(YOUR OBJECTIVE) Beginning at the line that contains "Hombre pastor sonriente" and ending at the last line of the entries, write out each line exactly; include nothing outside that span.

------ DATA EXCERPTS

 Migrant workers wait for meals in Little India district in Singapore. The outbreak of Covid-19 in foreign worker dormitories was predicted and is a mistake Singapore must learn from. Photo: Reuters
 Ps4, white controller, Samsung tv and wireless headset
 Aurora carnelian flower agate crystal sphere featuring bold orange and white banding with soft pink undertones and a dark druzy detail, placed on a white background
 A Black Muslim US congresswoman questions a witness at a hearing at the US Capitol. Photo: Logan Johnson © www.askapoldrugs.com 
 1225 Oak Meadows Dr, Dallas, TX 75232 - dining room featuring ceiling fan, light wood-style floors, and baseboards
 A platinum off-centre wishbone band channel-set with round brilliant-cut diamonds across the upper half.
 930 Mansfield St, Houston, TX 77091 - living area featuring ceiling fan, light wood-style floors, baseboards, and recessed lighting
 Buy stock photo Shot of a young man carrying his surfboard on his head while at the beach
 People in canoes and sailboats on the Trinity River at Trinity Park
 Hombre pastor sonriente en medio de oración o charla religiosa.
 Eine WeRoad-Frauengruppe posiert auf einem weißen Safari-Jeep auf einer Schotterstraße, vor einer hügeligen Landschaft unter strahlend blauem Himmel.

------------

(RESULT BELOW)
 Hombre pastor sonriente en medio de oración o charla religiosa.
 Eine WeRoad-Frauengruppe posiert auf einem weißen Safari-Jeep auf einer Schotterstraße, vor einer hügeligen Landschaft unter strahlend blauem Himmel.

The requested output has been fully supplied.